_Captioned web image data_
[Start of section]
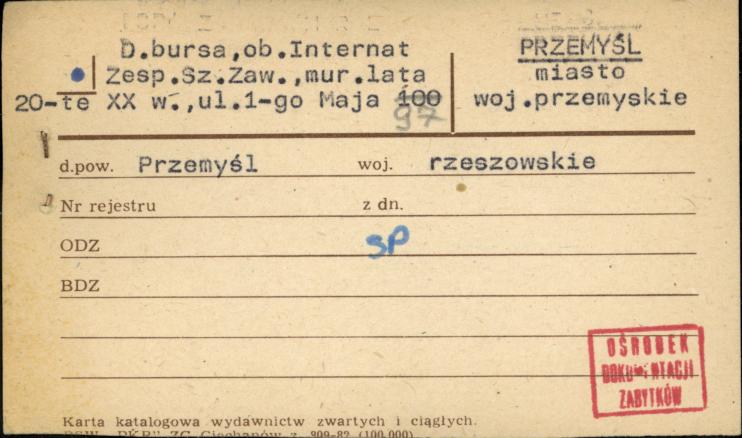 bursa, ob. internat zesp. sz. zaw., skan 1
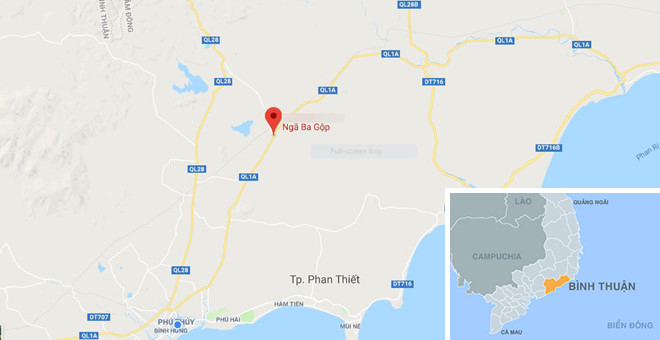 Tài xế ôtô tải tử vong trong cabin sau khi đâm vào đuôi xe đầu kéo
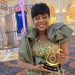 Ghanaian Gospel Singer, Empress Gifty Stuns at 2025 GMA USA, Beats Black Sherif and Others to Win Artiste of the Year (video)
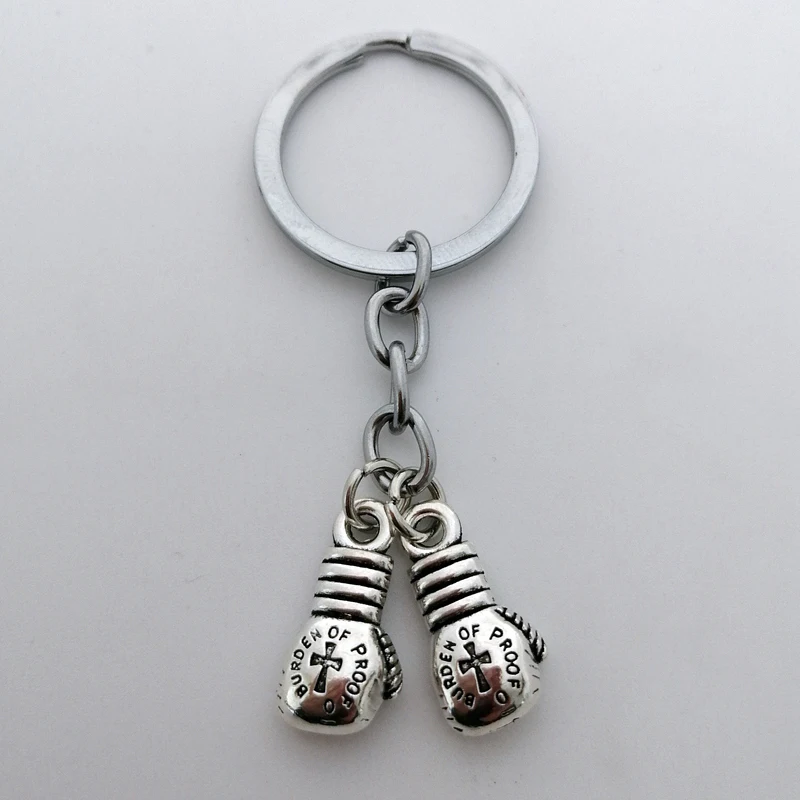 Fashion Boxing Gloves Pendant Keychain Boxer Sports Keychain DIY Men's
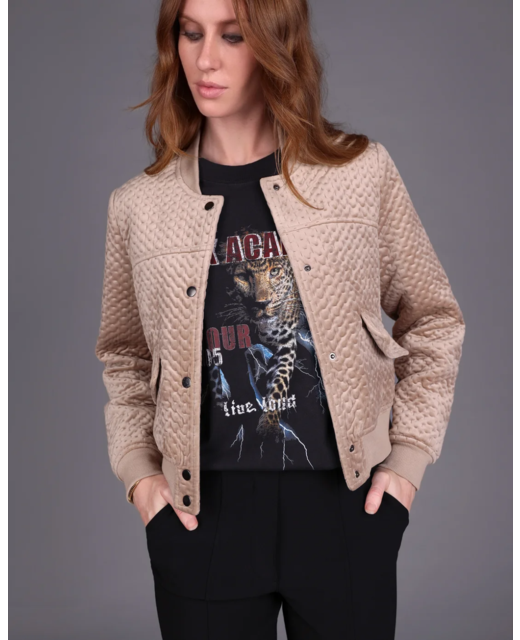 Storm Crop Velvet Bomber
[End of section]
_EXERCISE GOAL_
Repeat the records in full, precisely, and keep the pictures out.

_TASK RESPONSE_
 bursa, ob. internat zesp. sz. zaw., skan 1
 Tài xế ôtô tải tử vong trong cabin sau khi đâm vào đuôi xe đầu kéo
 Ghanaian Gospel Singer, Empress Gifty Stuns at 2025 GMA USA, Beats Black Sherif and Others to Win Artiste of the Year (video)
 Fashion Boxing Gloves Pendant Keychain Boxer Sports Keychain DIY Men's
 Storm Crop Velvet Bomber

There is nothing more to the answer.